◆ DATA RECORDS ◆
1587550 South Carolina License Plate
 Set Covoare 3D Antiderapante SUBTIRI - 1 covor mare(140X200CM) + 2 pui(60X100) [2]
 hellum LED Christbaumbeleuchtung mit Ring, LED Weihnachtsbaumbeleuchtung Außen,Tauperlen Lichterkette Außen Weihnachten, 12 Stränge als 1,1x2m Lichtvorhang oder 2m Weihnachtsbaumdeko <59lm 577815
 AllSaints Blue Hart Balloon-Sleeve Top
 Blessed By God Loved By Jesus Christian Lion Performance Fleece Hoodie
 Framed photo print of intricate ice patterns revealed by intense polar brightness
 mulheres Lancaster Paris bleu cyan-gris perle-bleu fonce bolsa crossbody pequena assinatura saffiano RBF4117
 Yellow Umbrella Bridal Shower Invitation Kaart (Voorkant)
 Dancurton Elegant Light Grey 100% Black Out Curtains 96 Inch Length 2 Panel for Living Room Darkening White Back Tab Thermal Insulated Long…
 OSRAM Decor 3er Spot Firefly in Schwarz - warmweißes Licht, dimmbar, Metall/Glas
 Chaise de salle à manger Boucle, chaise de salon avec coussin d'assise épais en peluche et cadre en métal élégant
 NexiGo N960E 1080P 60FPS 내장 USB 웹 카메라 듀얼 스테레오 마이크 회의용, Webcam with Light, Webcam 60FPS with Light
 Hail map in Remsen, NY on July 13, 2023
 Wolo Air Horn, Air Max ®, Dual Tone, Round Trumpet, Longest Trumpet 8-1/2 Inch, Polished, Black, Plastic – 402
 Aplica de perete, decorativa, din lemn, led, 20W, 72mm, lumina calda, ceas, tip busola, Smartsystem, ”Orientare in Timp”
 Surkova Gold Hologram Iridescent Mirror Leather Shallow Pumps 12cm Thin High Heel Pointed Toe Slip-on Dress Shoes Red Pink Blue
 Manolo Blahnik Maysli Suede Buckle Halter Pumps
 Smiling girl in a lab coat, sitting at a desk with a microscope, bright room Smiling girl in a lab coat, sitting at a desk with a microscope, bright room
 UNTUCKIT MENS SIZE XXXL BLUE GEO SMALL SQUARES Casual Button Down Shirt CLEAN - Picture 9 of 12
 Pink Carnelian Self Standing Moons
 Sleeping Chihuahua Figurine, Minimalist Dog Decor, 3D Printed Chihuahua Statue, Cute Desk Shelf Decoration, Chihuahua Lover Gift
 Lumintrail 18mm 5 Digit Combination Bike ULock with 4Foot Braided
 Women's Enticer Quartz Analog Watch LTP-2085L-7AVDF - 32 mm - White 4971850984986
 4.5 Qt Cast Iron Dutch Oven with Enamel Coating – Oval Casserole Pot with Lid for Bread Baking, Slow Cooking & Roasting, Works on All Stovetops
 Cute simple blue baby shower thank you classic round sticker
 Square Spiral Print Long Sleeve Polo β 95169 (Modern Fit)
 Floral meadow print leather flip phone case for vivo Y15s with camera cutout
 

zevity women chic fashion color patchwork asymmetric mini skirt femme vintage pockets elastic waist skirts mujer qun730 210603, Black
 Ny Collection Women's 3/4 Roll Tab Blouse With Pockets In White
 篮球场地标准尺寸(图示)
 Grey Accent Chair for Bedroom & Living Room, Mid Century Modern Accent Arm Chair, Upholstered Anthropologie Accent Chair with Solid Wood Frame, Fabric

◆ EXERCISE DIRECTIONS ◆
All that is wanted is the run of lines from the start of the data through the line containing "Blessed By God", copied word for word.

◆ EXERCISE SOLUTION ◆
1587550 South Carolina License Plate
 Set Covoare 3D Antiderapante SUBTIRI - 1 covor mare(140X200CM) + 2 pui(60X100) [2]
 hellum LED Christbaumbeleuchtung mit Ring, LED Weihnachtsbaumbeleuchtung Außen,Tauperlen Lichterkette Außen Weihnachten, 12 Stränge als 1,1x2m Lichtvorhang oder 2m Weihnachtsbaumdeko <59lm 577815
 AllSaints Blue Hart Balloon-Sleeve Top
 Blessed By God Loved By Jesus Christian Lion Performance Fleece Hoodie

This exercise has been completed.